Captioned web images
========================

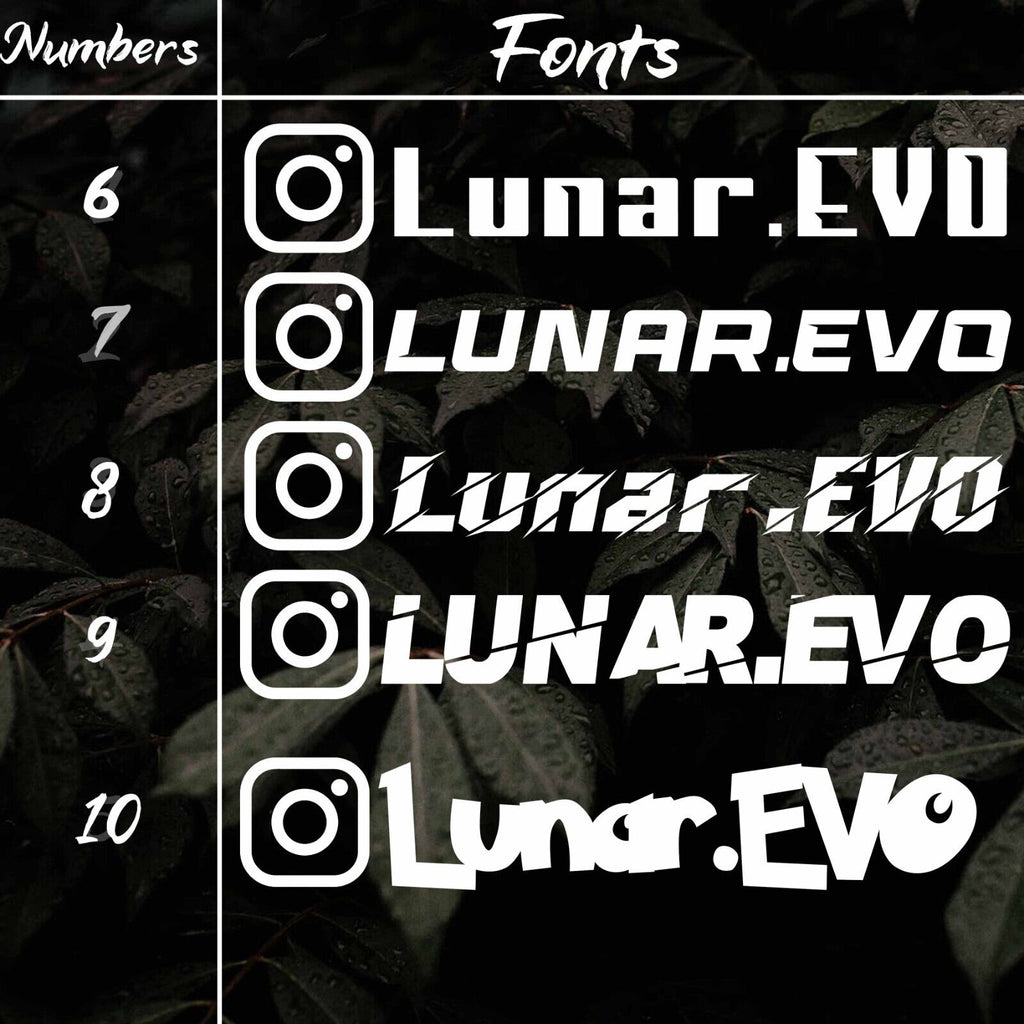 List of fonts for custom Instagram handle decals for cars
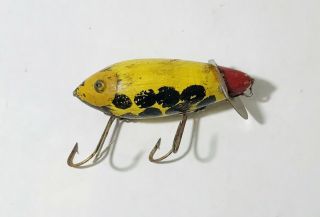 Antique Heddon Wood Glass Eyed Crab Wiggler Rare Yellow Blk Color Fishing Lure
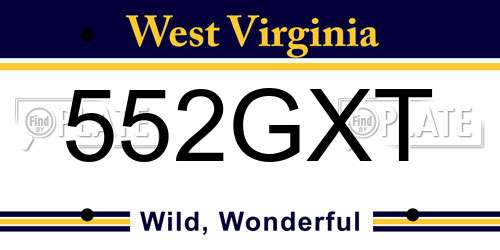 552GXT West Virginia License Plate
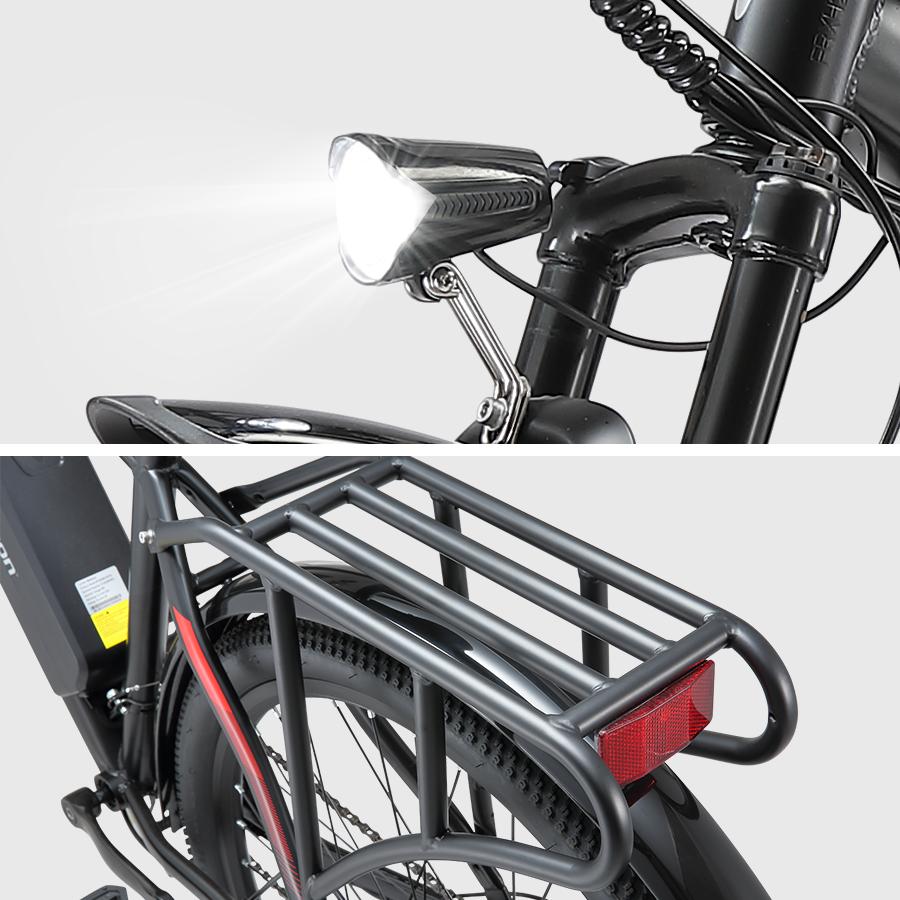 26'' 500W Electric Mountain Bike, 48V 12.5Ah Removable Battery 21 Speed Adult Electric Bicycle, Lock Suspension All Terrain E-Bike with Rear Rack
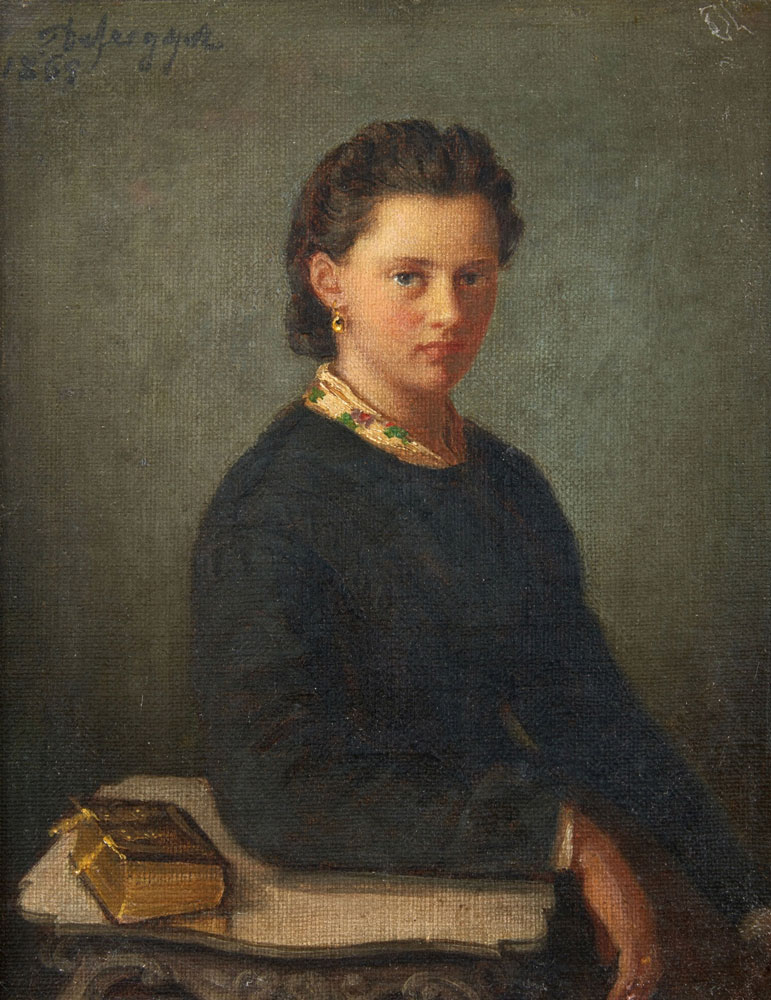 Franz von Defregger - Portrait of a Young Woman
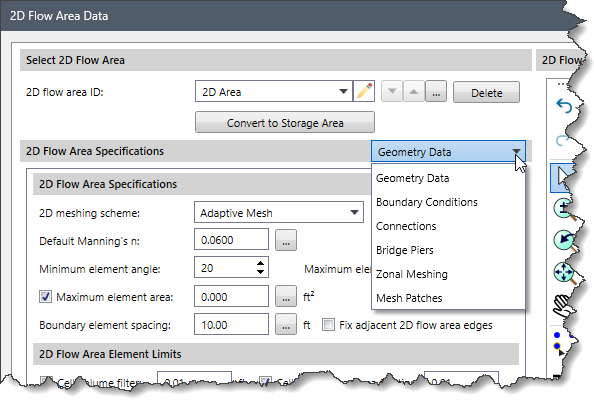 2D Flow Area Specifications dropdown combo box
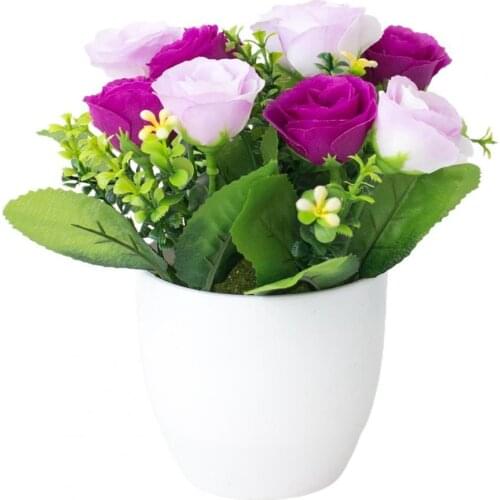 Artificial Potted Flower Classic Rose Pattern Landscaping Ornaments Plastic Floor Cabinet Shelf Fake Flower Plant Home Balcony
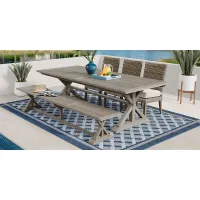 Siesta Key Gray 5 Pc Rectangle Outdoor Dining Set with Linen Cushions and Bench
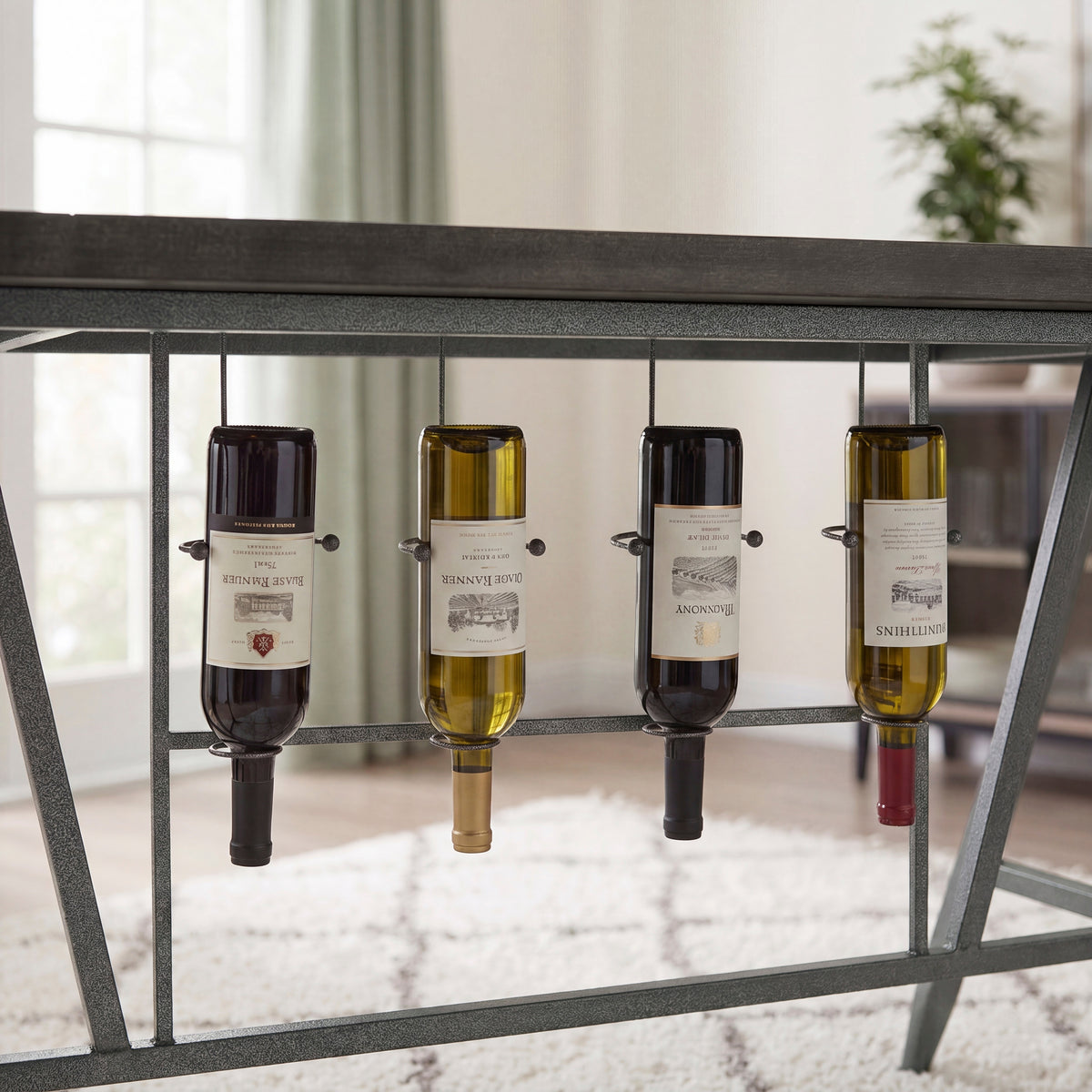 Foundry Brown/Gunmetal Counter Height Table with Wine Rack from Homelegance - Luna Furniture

========================

### TASK TO CARRY OUT
Keep out the pictures, and copy exactly the lines from the one that contains "Siesta Key Gray" through the final line of the records above, both ends included.

### WRITTEN SOLUTION
 Siesta Key Gray 5 Pc Rectangle Outdoor Dining Set with Linen Cushions and Bench
 Foundry Brown/Gunmetal Counter Height Table with Wine Rack from Homelegance - Luna Furniture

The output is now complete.